What is being asked: If an entry below contains an image, drop the image and retype the rest exactly.

═══ Data records ═══

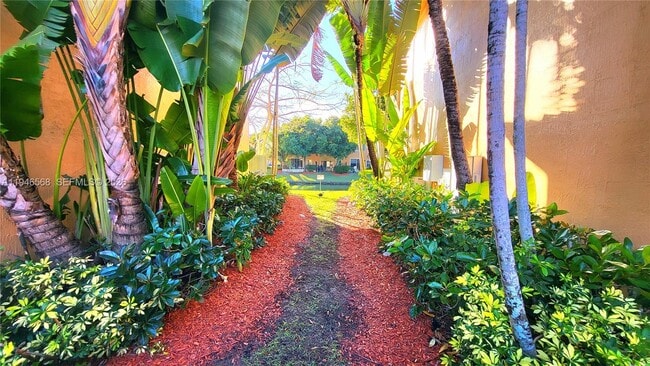 Building Photo - 4935 Tradewinds Ter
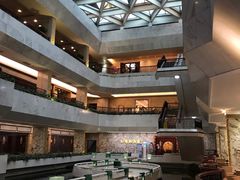 -广东大厦酒店(广州北京路步行街纪念堂地铁站店)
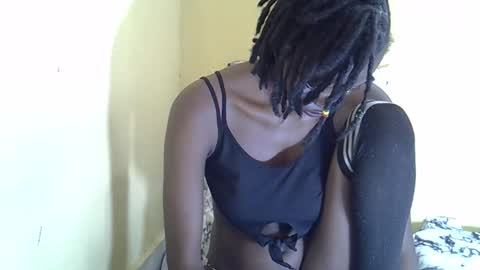 lovelymee2 online show from 10/12/25, 10:25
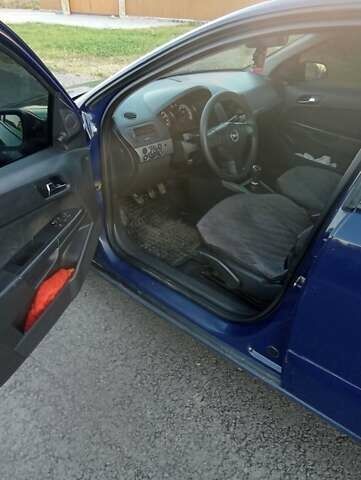 Синій Опель Астра, об'ємом двигуна 1.4 л та пробігом 350 тис. км за 2650 $, фото 3 на Automoto.ua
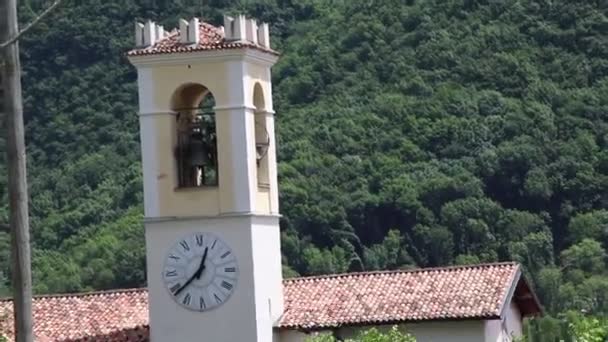 Uitzicht Het Kleine Dorpje Costa Gargnano Bergen Van Het Gardameer — Stockvideo
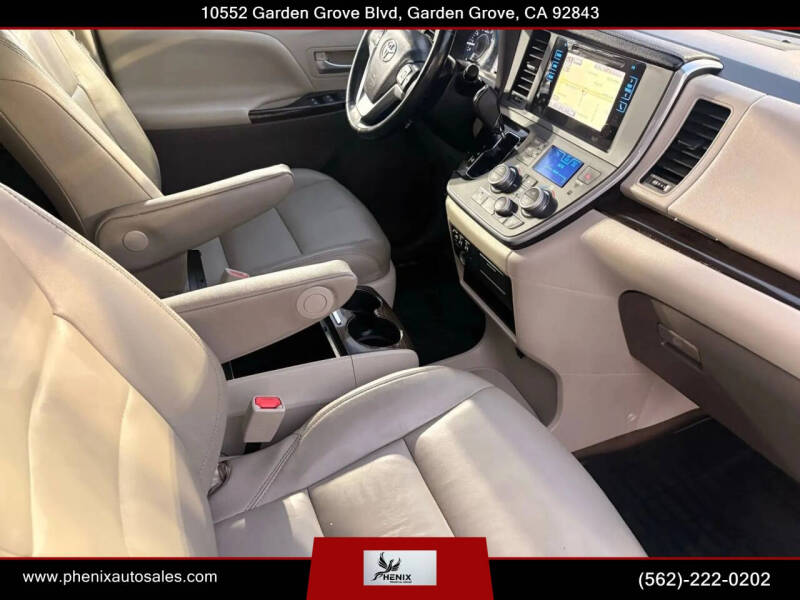 2016 Toyota Sienna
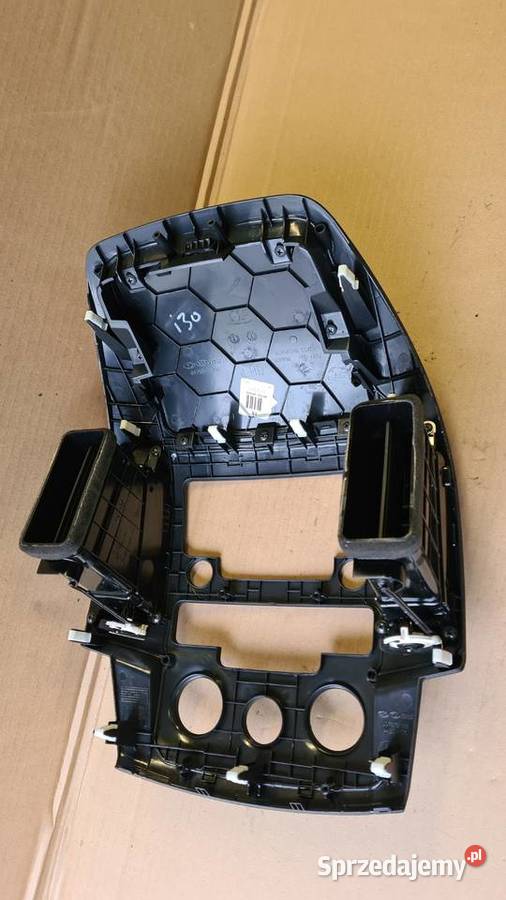 Hyundai I30 cw 1 Lift ramka radia kratki nawiewu Legnica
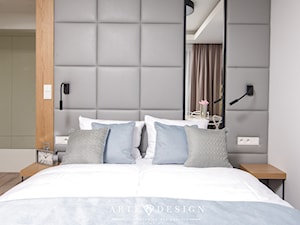 Sopocki pensjonat - Mała biała sypialnia - zdjęcie od Arte Dizain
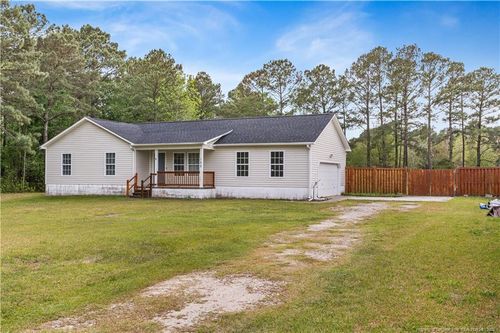 102 Barrington Ct, Maple Hill, NC, 28454-8659 | Card Image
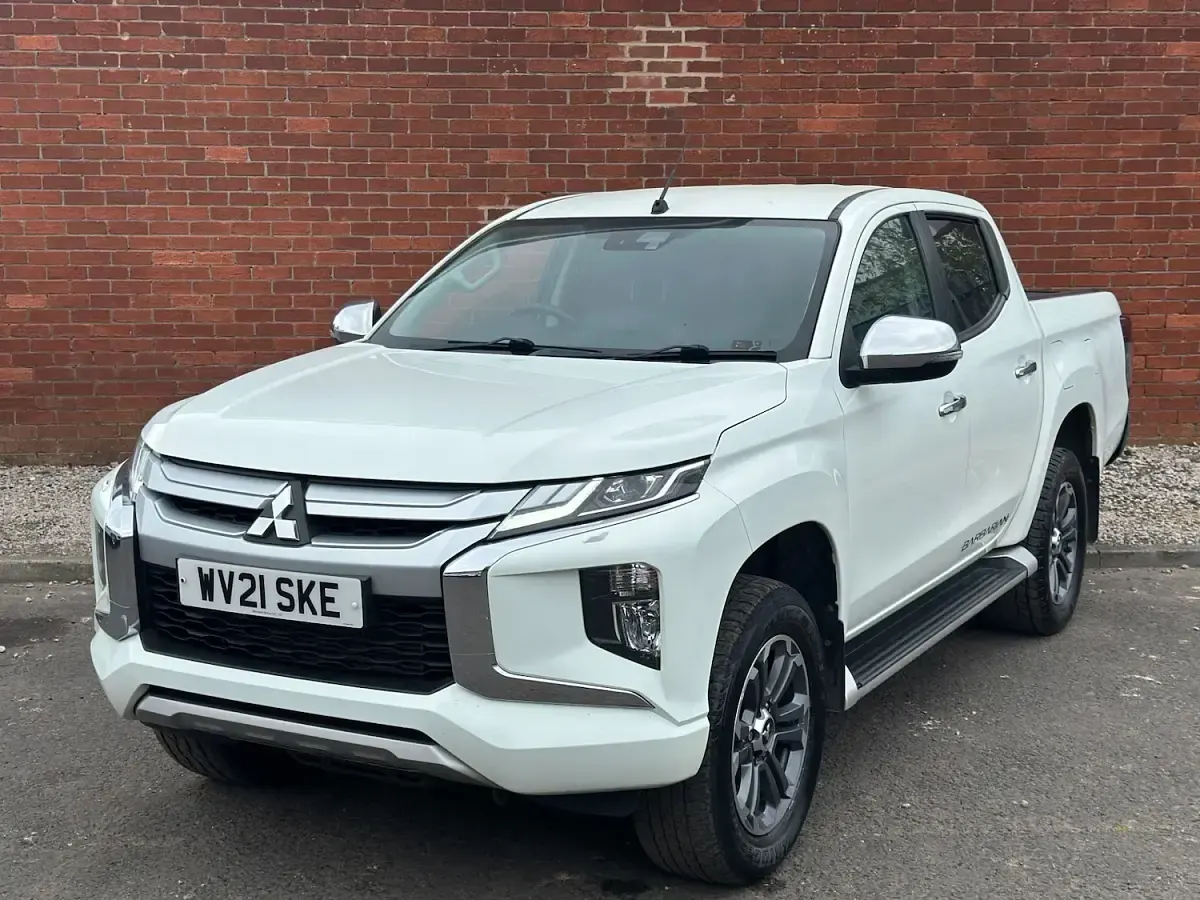 Used Mitsubishi L200 150 HP (110 kW) 2021 White Pickup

═══

Result of the task:
 Building Photo - 4935 Tradewinds Ter
 -广东大厦酒店(广州北京路步行街纪念堂地铁站店)
 lovelymee2 online show from 10/12/25, 10:25
 Синій Опель Астра, об'ємом двигуна 1.4 л та пробігом 350 тис. км за 2650 $, фото 3 на Automoto.ua
 Uitzicht Het Kleine Dorpje Costa Gargnano Bergen Van Het Gardameer — Stockvideo
 2016 Toyota Sienna
 Hyundai I30 cw 1 Lift ramka radia kratki nawiewu Legnica
 Sopocki pensjonat - Mała biała sypialnia - zdjęcie od Arte Dizain
 102 Barrington Ct, Maple Hill, NC, 28454-8659 | Card Image
 Used Mitsubishi L200 150 HP (110 kW) 2021 White Pickup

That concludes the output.